Japan’s third city may not have the gloss of Tokyo or the timelessness of Kyoto, but it’s second to none in terms of its food, energy and an unflagging sense of fun
Author Robert Michael Poole Photography Alfie Goodrich
DAY ONE | Osakans love to one-up their flashier cousins in Tokyo. So it’s no surprise that the Imperial Hotel Osaka boasts such over-the-top flourishes as a mist sauna in your room and tennis courts on the roof. Following a bracing swim in the tree-lined indoor pool, you head to the Nadaman restaurant on the 24th floor for some delicious okayu (rice porridge) with onion and sesame seeds. It’s a hearty dish, which you’ll definitely be needing for the long day ahead.
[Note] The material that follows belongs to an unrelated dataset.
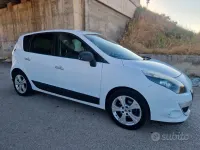 Usata Renault Scénic III XMOD 110 CV (80 kW) 2012 Bianco Monovolume
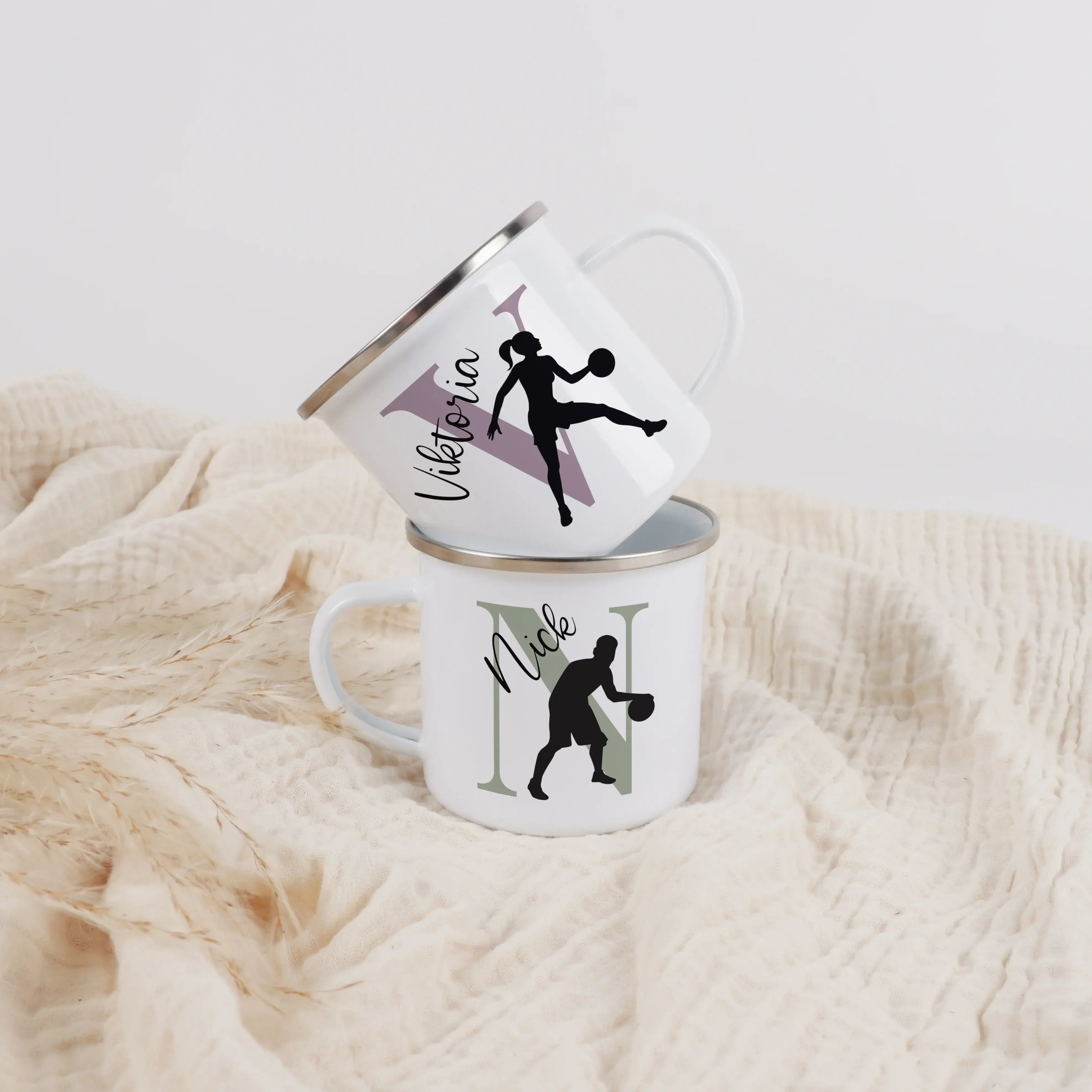 Emaille Tasse mit Namen Basketball-Emaille Tasse-famprints-Die Emaille Tasse mit Namen Basketball von famprints ist genau das Richtige, wenn du ein persönliches Geschenk für Basketballfans suchst. Ob für Kinder, Jugendliche oder sportbegeisterte Erwachsen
With your belly full, step out onto the promenade of the Okawa River and, in order to get oriented to the city’s layout, board the Aqua-Liner cruise from the adjacent OAP pier. This sightseeing boat rises just 5 ¼ feet above the water’s surface, short enough to pass under the city’s many low bridges and to access banks cluttered with stunning autumnal koyo (colorful leaves), which barely muffle the hum of the city’s workforce clamoring on the sidewalks.
Having ended up at Osaka-jo (or Osaka Castle) via the Nakanoshima Central Hall—an early-20th-century neo-Renaissance structure that houses concert halls and, you are told, a restaurant that serves “nostalgic” food—you disembark behind demure kimono-clad women toting ornate lace parasols. Passing under the castle’s Aoya-mon gate, you pause to gaze at the 16th-century structure’s tapering stack of eaves, its golden detailing gleaming against stark-white walls and black tile. Inside, hulking samurai armor and impossibly delicate silk screens speak to Japan’s split personality.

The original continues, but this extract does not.